- **Available data**:

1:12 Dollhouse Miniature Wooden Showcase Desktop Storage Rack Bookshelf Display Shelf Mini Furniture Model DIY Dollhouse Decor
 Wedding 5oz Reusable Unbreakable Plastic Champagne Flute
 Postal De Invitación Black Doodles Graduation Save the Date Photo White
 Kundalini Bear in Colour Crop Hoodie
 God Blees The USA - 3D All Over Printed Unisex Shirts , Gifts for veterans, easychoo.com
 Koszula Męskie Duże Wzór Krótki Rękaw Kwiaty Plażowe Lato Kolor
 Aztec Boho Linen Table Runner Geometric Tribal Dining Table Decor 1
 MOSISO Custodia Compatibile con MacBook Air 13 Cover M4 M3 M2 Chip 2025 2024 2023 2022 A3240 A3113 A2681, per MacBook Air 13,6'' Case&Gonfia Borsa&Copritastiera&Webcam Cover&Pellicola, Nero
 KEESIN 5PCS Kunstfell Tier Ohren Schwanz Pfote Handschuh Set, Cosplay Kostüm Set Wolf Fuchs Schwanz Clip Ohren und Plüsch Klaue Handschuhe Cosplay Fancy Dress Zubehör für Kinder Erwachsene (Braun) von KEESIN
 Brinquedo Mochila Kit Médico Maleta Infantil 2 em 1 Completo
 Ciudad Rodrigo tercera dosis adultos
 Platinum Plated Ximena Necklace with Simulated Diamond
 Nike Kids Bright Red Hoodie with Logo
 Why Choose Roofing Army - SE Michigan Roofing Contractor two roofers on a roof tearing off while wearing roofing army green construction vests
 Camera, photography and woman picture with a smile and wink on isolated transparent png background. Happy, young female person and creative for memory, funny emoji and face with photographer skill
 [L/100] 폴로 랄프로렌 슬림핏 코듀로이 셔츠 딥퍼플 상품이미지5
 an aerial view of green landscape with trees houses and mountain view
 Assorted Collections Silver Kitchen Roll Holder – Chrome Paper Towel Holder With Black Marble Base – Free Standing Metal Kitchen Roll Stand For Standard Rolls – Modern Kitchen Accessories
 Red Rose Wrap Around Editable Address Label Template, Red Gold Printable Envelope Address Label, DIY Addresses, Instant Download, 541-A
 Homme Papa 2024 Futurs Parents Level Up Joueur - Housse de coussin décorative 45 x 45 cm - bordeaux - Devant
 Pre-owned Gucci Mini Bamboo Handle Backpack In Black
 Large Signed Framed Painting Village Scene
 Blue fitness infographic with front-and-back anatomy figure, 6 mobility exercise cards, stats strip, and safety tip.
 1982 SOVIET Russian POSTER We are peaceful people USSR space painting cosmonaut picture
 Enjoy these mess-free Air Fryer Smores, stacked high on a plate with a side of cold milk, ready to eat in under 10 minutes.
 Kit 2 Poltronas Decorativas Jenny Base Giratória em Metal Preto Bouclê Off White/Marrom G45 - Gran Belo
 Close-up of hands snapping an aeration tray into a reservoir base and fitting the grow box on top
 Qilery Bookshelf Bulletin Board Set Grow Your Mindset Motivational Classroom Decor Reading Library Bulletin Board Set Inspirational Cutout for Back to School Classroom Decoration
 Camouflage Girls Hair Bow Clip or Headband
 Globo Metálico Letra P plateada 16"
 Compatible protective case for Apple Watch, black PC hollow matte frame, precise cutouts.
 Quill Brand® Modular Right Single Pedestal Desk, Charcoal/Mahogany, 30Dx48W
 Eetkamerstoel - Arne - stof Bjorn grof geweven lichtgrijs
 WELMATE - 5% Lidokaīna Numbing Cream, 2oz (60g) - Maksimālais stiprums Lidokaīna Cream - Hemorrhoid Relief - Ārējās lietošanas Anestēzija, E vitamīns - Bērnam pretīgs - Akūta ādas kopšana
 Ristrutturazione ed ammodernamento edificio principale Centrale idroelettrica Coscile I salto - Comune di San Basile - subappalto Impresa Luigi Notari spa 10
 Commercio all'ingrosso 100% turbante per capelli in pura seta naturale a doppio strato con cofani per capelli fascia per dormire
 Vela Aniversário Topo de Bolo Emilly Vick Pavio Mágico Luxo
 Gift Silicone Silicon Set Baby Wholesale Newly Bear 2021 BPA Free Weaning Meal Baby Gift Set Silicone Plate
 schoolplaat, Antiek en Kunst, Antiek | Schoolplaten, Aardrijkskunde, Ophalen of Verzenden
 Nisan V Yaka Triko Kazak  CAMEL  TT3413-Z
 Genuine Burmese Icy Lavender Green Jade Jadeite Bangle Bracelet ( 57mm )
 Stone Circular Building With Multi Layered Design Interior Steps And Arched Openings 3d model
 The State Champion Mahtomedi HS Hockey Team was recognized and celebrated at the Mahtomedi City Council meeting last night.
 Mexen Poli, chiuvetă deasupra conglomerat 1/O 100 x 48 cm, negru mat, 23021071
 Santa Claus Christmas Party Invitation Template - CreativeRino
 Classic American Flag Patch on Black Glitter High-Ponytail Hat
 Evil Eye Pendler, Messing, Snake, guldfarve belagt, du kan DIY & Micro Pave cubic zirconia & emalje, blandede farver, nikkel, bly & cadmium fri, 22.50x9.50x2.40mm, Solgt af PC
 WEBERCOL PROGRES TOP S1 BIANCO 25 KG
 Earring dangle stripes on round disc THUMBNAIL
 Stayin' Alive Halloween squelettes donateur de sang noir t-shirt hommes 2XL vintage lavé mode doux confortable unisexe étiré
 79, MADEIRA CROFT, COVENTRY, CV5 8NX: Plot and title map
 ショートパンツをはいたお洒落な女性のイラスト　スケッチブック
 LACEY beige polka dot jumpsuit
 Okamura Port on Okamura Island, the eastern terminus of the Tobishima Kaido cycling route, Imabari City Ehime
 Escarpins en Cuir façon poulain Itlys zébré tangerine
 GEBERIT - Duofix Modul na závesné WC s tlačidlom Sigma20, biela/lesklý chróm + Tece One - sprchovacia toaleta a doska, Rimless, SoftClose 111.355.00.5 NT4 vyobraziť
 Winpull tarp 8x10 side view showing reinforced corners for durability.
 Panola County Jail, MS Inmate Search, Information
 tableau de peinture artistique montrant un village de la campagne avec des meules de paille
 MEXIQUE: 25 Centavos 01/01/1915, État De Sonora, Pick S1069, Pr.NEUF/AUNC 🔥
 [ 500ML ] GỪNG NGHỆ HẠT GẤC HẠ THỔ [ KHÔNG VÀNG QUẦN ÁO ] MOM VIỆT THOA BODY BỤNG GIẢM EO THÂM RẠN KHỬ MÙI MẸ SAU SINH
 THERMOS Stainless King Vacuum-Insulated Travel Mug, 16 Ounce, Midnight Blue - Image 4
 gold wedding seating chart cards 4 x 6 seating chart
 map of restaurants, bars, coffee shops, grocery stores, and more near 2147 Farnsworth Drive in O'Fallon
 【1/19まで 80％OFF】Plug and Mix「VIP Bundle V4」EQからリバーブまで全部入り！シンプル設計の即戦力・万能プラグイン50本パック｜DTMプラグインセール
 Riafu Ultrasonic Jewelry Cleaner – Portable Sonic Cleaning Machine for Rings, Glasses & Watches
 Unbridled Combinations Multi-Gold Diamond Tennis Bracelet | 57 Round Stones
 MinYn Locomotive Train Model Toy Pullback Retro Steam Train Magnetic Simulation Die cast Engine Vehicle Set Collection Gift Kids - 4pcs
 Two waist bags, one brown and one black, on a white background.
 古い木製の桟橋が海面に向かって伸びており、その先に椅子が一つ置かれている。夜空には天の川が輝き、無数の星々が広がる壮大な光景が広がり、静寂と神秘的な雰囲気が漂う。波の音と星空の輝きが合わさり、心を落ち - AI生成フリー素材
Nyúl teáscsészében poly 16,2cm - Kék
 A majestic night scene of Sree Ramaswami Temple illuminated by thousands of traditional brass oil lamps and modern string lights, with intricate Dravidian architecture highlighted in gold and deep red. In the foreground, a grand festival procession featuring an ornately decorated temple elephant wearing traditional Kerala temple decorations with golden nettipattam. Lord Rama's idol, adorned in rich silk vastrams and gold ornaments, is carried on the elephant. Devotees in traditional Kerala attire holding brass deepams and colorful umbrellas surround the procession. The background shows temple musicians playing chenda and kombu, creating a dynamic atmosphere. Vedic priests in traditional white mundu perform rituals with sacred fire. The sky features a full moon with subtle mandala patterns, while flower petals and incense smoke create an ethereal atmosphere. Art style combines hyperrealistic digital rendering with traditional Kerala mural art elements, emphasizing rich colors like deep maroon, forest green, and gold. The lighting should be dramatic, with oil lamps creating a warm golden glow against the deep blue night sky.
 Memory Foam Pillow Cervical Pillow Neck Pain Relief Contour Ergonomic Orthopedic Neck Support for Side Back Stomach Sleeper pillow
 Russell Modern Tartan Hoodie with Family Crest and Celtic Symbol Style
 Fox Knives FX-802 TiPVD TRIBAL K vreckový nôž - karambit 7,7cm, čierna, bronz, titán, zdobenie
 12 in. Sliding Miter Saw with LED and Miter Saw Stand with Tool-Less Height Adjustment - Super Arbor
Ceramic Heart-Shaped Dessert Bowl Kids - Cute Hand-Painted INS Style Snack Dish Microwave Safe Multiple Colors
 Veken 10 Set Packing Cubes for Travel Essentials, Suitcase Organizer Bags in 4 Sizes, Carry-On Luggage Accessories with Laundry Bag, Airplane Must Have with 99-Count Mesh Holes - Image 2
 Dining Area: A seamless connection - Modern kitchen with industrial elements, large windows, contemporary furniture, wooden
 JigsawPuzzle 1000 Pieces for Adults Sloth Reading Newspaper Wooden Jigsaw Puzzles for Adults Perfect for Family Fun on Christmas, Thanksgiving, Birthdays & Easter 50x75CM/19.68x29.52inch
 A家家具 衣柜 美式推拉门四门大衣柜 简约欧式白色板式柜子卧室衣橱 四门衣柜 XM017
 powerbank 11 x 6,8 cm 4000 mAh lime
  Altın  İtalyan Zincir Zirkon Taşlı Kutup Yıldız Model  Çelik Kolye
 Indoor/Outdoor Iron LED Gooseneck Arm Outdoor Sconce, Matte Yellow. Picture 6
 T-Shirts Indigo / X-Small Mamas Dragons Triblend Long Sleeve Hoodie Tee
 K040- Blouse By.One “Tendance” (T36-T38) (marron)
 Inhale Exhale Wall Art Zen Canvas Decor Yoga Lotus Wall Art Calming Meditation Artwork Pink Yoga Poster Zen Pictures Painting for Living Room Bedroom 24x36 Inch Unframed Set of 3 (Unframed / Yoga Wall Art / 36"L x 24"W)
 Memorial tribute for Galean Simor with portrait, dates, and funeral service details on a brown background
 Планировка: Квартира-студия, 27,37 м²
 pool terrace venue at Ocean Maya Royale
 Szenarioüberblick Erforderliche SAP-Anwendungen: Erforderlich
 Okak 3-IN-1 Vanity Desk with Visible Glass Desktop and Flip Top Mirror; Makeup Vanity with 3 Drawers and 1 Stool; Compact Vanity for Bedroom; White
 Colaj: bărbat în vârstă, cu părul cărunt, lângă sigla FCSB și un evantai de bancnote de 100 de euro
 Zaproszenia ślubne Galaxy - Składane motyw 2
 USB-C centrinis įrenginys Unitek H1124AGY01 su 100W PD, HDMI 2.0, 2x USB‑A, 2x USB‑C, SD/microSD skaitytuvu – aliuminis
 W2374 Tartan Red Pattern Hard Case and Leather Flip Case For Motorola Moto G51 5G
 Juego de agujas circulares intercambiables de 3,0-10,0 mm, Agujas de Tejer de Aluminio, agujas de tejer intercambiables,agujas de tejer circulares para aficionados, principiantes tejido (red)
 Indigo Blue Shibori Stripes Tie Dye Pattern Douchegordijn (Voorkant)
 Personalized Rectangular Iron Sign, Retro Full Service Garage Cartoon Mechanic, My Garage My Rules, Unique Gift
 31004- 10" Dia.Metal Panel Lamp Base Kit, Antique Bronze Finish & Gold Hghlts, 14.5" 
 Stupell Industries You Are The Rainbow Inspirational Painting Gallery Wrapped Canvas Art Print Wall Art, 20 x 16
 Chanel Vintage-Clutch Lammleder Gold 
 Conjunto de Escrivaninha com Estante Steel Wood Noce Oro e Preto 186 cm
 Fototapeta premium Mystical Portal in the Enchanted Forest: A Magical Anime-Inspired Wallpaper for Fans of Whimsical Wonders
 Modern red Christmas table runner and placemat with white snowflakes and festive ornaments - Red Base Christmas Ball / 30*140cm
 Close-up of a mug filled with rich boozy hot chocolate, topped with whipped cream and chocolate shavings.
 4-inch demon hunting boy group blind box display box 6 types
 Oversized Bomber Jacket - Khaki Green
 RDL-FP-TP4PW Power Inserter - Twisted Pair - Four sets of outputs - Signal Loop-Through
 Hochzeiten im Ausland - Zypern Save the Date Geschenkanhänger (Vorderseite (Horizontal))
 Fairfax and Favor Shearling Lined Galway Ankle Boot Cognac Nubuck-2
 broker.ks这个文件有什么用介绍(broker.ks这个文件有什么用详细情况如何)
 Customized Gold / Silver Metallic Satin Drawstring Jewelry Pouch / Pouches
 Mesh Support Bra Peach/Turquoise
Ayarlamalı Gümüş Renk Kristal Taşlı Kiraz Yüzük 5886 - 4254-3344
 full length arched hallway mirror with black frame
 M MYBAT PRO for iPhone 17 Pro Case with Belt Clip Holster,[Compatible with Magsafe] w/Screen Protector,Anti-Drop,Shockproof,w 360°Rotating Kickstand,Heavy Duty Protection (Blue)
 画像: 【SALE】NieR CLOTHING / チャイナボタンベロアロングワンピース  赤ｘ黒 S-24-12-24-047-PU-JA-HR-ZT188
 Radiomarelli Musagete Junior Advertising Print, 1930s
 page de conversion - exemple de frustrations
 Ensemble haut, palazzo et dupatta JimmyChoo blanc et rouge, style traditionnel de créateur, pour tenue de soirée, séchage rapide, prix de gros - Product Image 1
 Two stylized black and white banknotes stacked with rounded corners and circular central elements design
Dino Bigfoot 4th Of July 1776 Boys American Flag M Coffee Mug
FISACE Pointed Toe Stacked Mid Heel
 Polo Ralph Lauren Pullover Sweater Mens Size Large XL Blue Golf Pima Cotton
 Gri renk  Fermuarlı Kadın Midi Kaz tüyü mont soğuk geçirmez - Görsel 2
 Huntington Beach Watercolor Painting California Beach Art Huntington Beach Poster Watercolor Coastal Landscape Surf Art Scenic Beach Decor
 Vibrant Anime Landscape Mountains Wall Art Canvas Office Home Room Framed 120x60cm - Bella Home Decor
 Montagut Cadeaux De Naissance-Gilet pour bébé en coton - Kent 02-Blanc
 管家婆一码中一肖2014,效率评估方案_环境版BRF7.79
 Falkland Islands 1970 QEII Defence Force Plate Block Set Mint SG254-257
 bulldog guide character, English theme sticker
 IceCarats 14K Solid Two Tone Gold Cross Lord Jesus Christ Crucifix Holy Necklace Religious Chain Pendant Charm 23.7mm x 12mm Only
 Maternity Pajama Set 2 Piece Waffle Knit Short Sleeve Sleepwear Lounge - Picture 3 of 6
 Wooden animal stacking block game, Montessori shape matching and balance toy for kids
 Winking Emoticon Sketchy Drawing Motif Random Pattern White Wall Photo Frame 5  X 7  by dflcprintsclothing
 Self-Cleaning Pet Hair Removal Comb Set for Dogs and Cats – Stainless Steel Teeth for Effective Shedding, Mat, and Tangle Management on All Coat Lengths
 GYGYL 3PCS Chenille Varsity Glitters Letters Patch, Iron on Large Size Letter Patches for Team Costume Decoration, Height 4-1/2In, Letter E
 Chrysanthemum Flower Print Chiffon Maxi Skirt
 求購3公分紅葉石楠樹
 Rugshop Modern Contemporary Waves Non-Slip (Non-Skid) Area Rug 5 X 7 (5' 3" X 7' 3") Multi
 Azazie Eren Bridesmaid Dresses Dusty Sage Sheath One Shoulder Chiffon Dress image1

- **Task statement**:
What you return must be an exact retyping of the lines above starting at the line with "Colaj: bărbat în" and ending at the line with "Stupell Industries You", and nothing besides.

- **Exercise solution**:
 Colaj: bărbat în vârstă, cu părul cărunt, lângă sigla FCSB și un evantai de bancnote de 100 de euro
 Zaproszenia ślubne Galaxy - Składane motyw 2
 USB-C centrinis įrenginys Unitek H1124AGY01 su 100W PD, HDMI 2.0, 2x USB‑A, 2x USB‑C, SD/microSD skaitytuvu – aliuminis
 W2374 Tartan Red Pattern Hard Case and Leather Flip Case For Motorola Moto G51 5G
 Juego de agujas circulares intercambiables de 3,0-10,0 mm, Agujas de Tejer de Aluminio, agujas de tejer intercambiables,agujas de tejer circulares para aficionados, principiantes tejido (red)
 Indigo Blue Shibori Stripes Tie Dye Pattern Douchegordijn (Voorkant)
 Personalized Rectangular Iron Sign, Retro Full Service Garage Cartoon Mechanic, My Garage My Rules, Unique Gift
 31004- 10" Dia.Metal Panel Lamp Base Kit, Antique Bronze Finish & Gold Hghlts, 14.5" 
 Stupell Industries You Are The Rainbow Inspirational Painting Gallery Wrapped Canvas Art Print Wall Art, 20 x 16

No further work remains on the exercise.